Task item
Skip every picture. Print each line from the one containing "Kapolres Binjai Pimpin" through the end of the records below, word for word.
Top of Records shown
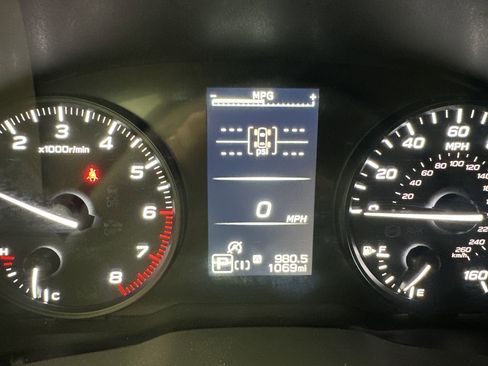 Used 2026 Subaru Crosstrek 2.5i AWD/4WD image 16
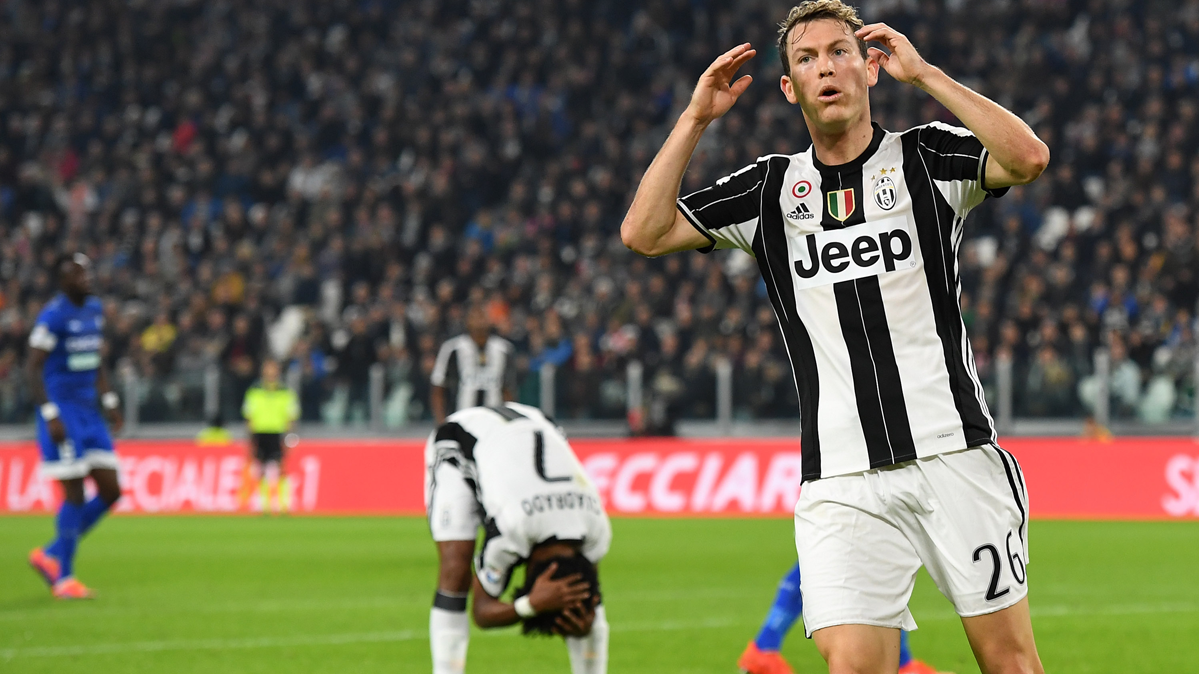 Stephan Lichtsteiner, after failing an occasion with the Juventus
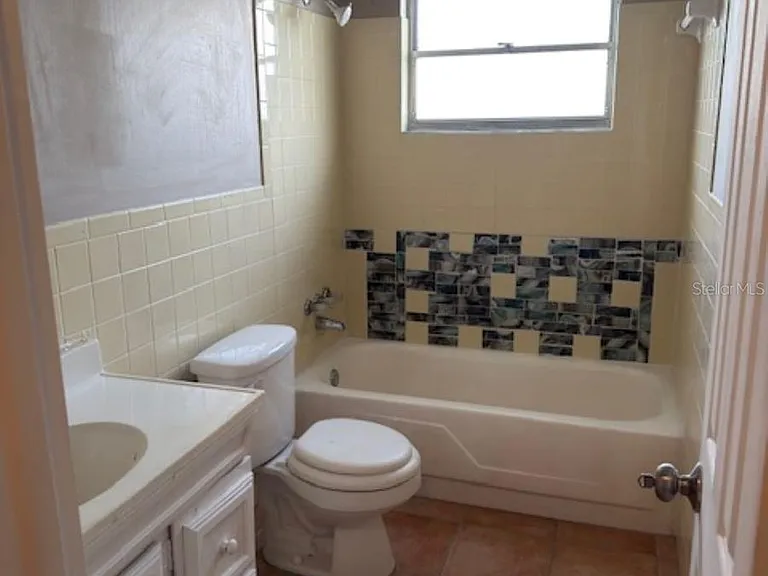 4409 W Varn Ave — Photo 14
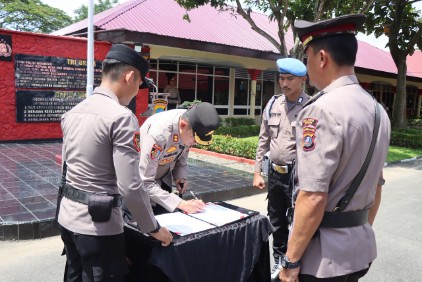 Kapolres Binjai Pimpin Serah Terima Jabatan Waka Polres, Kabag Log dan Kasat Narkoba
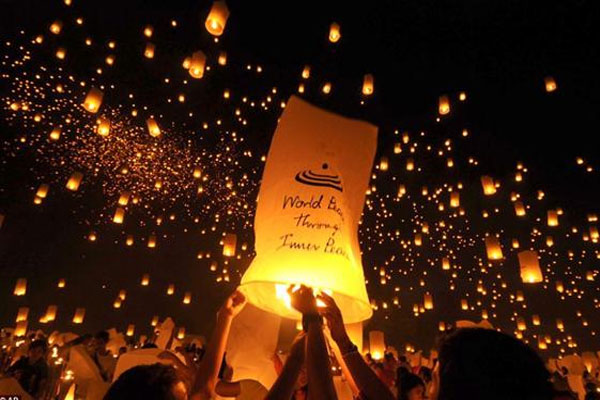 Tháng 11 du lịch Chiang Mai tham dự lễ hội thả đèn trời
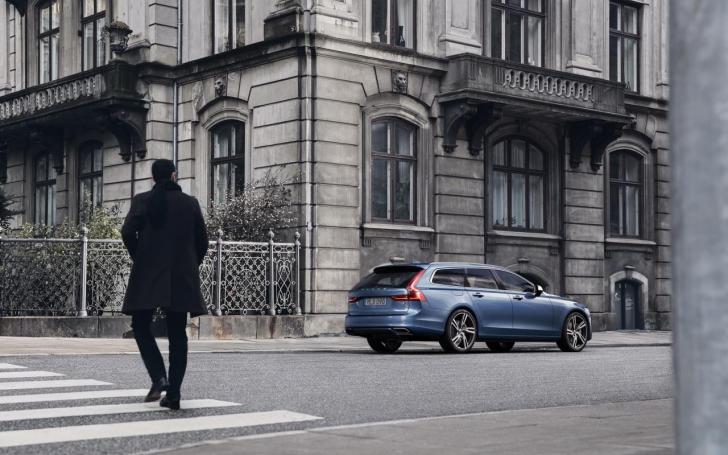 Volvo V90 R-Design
Bottom of Records shown
The answer
 Kapolres Binjai Pimpin Serah Terima Jabatan Waka Polres, Kabag Log dan Kasat Narkoba
 Tháng 11 du lịch Chiang Mai tham dự lễ hội thả đèn trời
 Volvo V90 R-Design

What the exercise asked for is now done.